Conventional technologies for presenting advertisements to potential customers provide a variety of mediums in which to present those advertisements. For example, advertisements can be displayed electronically on web sites or via search engines. Advertisements can be displayed on web sites, for example, via an advertisement banner. Advertisements can be displayed on search engines via a sponsored advertisement. Advertisers pay for the advertisements) by choosing keywords or keyword phrases, and competing against other advertisers who also want their advertisements to appear on web sites relevant to those keywords or keyword phrases.
When an end user enters a web site containing advertisements, the advertisements (for which the advertisers have bid on keyword or keyword phrases) are displayed. The displaying of the advertisements is referred to as an ‘impression’. Advertisers pay by number of impressions, simple navigation to the advertiser site (pay per click) or actions taken on an advertisers site (pay per action).
Conventional computerized devices, such as personal computers, laptop computers, and the like utilize graphical user interfaces in applications such as operating systems and graphical editors (i.e., web page editors, document editors, video editors, etc.) that enable users to quickly provide input and create projects using “What You See Is What You Get” (WYSIWYG) technology. In general, using a graphical user interface, a user operates an input device such as a mouse or keyboard to manipulate digital content on a computer display. The digital content is often represented as icons, and the user can operate an input device such as a mouse to move a mouse pointer onto an icon (i.e., graphically overlapping the icon on the graphical user interface).

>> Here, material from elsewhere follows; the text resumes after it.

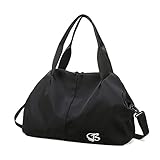 Vllcsla Sporttasche Reisetasche Damen Klein 45x27x20 cm, Kleine Reisetasche Rosa Schwarz mit Nassfach, Kleine Reisetasche Damen Weekender, Sporttasche Damen Fitnessstudio Klein (Schwarz)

By depressing a mouse button, the application (such as the operating system desktop) selects the icon, and if the user maintains the mouse button in a depressed state, the user can drag the icon across the graphical user interface. By releasing the mouse button, the icon is placed on the graphical user interface at the current position of the mouse pointer. Using graphical user interface technology, users can create projects by dragging and dropping digital content (i.e., graphical objects, text, text boxes, images, videos, etc) into the project.
In addition, conventional desktop software applications operate on computer systems to allow for users, known as film or video editors, to edit digital video content. In particular, non-linear editing is a non-destructive editing method that involves being able to access any frame in a video clip with the same ease as any other. Initially, video and audio data from a media source file can be digitized and recorded directly to a storage device that is local to the computer system, like a desktop personal computer. The media source file can then be edited on the computer using any of a wide range of video editing software. Example edits that can be made to the video include splicing video segments together, applying effects to video, adding subtitles, and the like.